As the provision of legal services becomes increasingly global and dependence on digital technology increases, the potential for disruption is rising exponentially. Risks are becoming more complex and more connected.
Threats, such as terrorism, political violence, kidnap and ransom, and cyber risks can cause serious operational disruption, financial loss or adverse publicity that can impact a firm and its profits. That is why it is important to understand crises and the steps firms need to take in order to manage them.
The British Standards Institution (BSI) defines crisis as an “abnormal and unstable situation that threatens the organisation’s strategic objectives, reputation or viability” and crisis management as “development and application of the organizational capability to deal with crisis”. While your firm may have an incident response plan, incidents are usually something which can be predicted in advance and can be resolved quickly before long-term or permanent impacts occur. Crises, on the other hand, are unique or unforeseen events and can have dire consequences. Failure to respond to a crisis in the correct manner could potentially cripple an organisation and, as this is not something which is part of day-to-day management, companies will need to allocate the time and resource to introduce a crisis management plan.

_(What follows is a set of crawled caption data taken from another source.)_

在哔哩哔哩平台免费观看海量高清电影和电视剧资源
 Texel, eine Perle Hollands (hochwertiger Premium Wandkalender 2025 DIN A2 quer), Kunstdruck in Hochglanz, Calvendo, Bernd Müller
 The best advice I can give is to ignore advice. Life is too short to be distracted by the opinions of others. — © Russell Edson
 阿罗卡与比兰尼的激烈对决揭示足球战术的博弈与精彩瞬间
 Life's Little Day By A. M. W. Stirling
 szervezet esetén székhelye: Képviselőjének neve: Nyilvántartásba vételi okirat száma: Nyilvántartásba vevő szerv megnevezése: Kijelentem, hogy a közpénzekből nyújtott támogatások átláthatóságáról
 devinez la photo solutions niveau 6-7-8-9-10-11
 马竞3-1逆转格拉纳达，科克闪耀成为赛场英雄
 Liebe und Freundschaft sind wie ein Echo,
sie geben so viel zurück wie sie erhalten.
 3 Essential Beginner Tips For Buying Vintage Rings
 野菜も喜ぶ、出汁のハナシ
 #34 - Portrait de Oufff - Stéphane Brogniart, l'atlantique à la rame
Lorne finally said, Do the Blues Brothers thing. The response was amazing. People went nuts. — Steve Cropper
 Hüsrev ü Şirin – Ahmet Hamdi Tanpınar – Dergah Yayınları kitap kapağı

Research undertaken in 2017 by Gallagher, in conjunction with YouGov, shows that UK companies are keenly aware of the need to build a culture of crisis resilience against the main threats their organisations face, but managing and responding to security threats like cyber extortion, terrorism and emergency repatriation is easier said than done. These incidents are low frequency but high impact – increasingly causing damage to brand and reputation, as well as financial loss and personal injury or loss of life.
The key to a successful crisis management plan is to start as early as possible and have a clear strategic direction including clear communication, effective leadership and a detailed record of all decisions taken. Companies need to shift their mind-set and take a comprehensive approach to building effective resilience aligned to four key pillars of activity: ‘Anticipate, Prevent, Respond, Recover’.